This is for an internal system that is not public-facing, but does require authentication to separate the end users from service technologists (me). The end user login has a static username and password, but the service user has a static username and updating password that regenerates every day at 00:00. This password is based on known algorithm, and isn’t complex but it doesn’t have to be - it just needs to change so if someone wrote it on a sticky note it won’t work any more after midnight.
Is there any way to store this in my vault so I don’t have to mentally ‘run’ the algorithm?
An example of the password would be Keyword.29! where ‘Keyword’ is one of seven words (one for each of the days of the week), 29 is the day of the month plus the month numerically (27+2 for 27 Feb) and always two digits (so with a leading zero), and with a couple symbols thrown in for good measure.
I am confused about the question, since you can store any old password in Bitwarden. If the question is: is there a way to automatically generate the password and store it in the vault, there is the Bitwarden CLI’s edit command, which happens to have an example in the documentation:
That strategy seems like it would offer less protection than imagined.
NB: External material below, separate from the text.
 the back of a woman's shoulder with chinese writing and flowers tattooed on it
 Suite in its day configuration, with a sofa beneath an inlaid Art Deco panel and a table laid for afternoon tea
If I was trying to break in and Keyword.29! did not work, the very first thing I would try is incrementing the number one or more times.
If your management does not feel that an unchanging password is good enough, you might encourage them to look into TOTP instead. Its “changing portion” has the advantage of being non-sequential.
This is unfortunately not my call, my customer’s call, or even something I can run up the internal channels in my country’s service division to the software engineering side. This is an international-scale and heavily regulated product, so any change undertaken by the company has to be approved by government regulators in every single country the product is sold (review the list of UN members) before it can be rolled out.
The “security” as such is physical access to the secure local network where the login page can be accessed, but the rules say it has to have a non-static password for service access compared to operator access, so this is the solution some software developer created over a decade ago.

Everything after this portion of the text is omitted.